In a textbook example of The Law of Unintended Consequences, the Kurdish Peshmerga fighters are complaining that their (mainly) Warsaw Pact-era weaponry is no match for the more modern tech being wielded by Sen. John McCain's ISIS chums.
The Independent's defense correspondent, Kim Sengupta reports that:
Kurdish leaders have been volubly complaining that these have been no match for the modern American weaponry the Islamist extremists picked up in huge numbers as the US trained Iraqi forces ran away.

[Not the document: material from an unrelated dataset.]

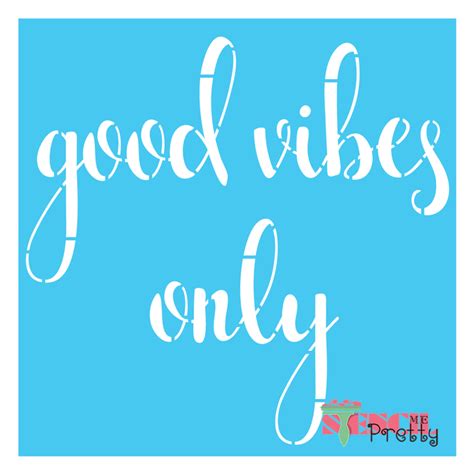 Good Vibes Only Stencil Typography Art Positivity Motivation Hippie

When Isis had initially charged into Iraq from their Syrian strongholds, seizing huge swathes of territory, they did not, of course, have the Humvees and the Abrams tanks. What they used, to such great effect, were assorted mortars, rocket propelled grenade launchers, heavy machine-guns, anti-tank weapons. A significant proportion of the hardware was of Warsaw Pact origin.
These weapons had been supplied by the West and its allies, the Saudis, in late 2012 and early last year to the rebels in Syria fighting the Assad regime. No less than 3,000 tonnes of the stuff were reportedly shifted in 75 planeloads. They came from the same sources which are now being used by the British government to supply the Peshmerga forces desperately trying to combat one of the beneficiaries, Isis, of the previous airlift.
It would almost be comical were it not for the death and misery that has resulted. Sengupta points out that there are two lessons to be learned from this tragic farce: firstly, that a poorly armed but highly-motivated fighting force (ISIS) will defeat a better-equipped but poorly-led and demoralized one (the ill-paid troops of Maliki's corrupt and sectarian regime).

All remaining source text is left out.